Gencatan senjata terjadi karena keteguhan rakyat Palestina mematahkan sesuatu yang tak bisa dijangkau oleh bom. Karena topeng “korban” Israel runtuh di bawah berat kekejaman yang tersiar langsung ke seluruh dunia.
Dan karena opini publik global berbalik menentang Israel, meski ada segala upaya untuk menciptakan persetujuan palsu terhadap genosida.
Yang dihasilkan bukanlah “keamanan”, melainkan daftar panjang korban sipil — itulah yang memaksa tercapainya gencatan senjata ini.
Penyair Palestina paling terkenal, Mahmoud Darwish, sudah menuliskan nubuatan ini:
“Perang akan berakhir.
Para pemimpin akan berjabat tangan.
Perempuan tua akan terus menunggu anaknya yang gugur.
Gadis itu akan menunggu suaminya yang tercinta.
Dan anak-anak itu akan menunggu ayah mereka yang heroik.
Aku tak tahu siapa yang menjual tanah air kita,
tapi aku tahu siapa yang membayar harganya.”
Kini mereka menengahi perdamaian antara pembunuh dan yang dibunuh, antara algojo dan korbannya, dan menyebutnya ‘kemajuan’.
Harga itu dibayar dengan darah Palestina.

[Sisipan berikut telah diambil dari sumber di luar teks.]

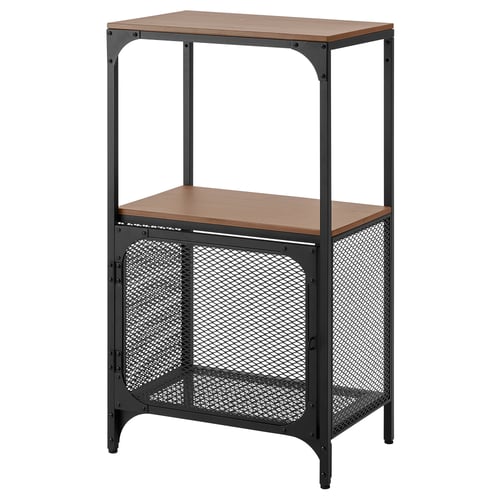 The FJÄLLBO rustic shelving unit, featuring a black metal frame with an open mesh back and two wooden shelves.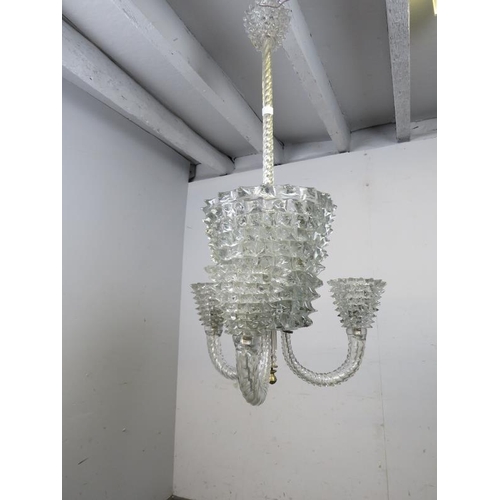 751 - A 1930s ‘Rostrato’ Murano glass three-branch chandelier by Barovier & Toso. Accepts five screw type ... 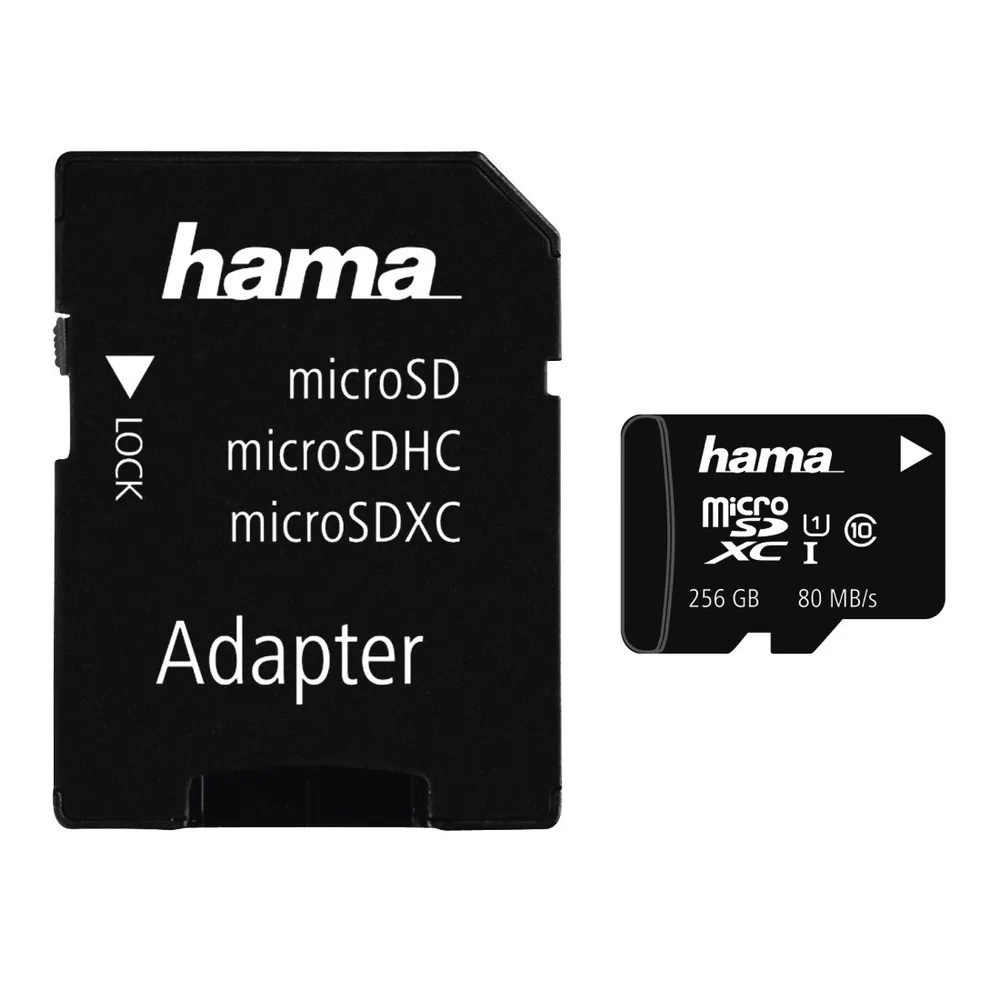 microSDXC 256GB Class 10 UHS-I 80MB/s + Adapter/Foto (00124173)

Dan di suatu tempat, seorang nenek, pengantin baru, atau anak perempuan yatim masih menunggu orang yang mereka cintai untuk pulang.
Harus ada akuntabilitas penuh — bukan hanya untuk Israel, tapi juga untuk setiap pemerintah dan korporasi yang membuat genosida ini mungkin terjadi.
Harus ada embargo senjata total terhadap Israel segera, sanksi ekonomi sampai ada penarikan penuh dari wilayah pendudukan, kebebasan bagi lebih dari 10.000 tawanan Palestina, dan reparasi untuk rekonstruksi yang ditentukan dan dikelola oleh rakyat Palestina sendiri.
Penjahat perang harus diadili di Den Haag, tanpa memandang negara mana yang keberatan.
Ini baru awal.
Keadilan bukan opsi diplomatik; ia adalah ukuran minimum dari kemanusiaan kita bersama.
“Perdamaian” yang dijanjikan oleh rencana Trump telah mati bersama setiap anak di Gaza, setiap keluarga yang terusir, dan setiap hari ketika dunia menyebut genosida sebagai ‘pertahanan diri’, mengabaikan keputusan Mahkamah Internasional 2004 yang menyatakan bahwa penjajah tidak dapat mengklaim hak bela diri terhadap pihak yang dijajah.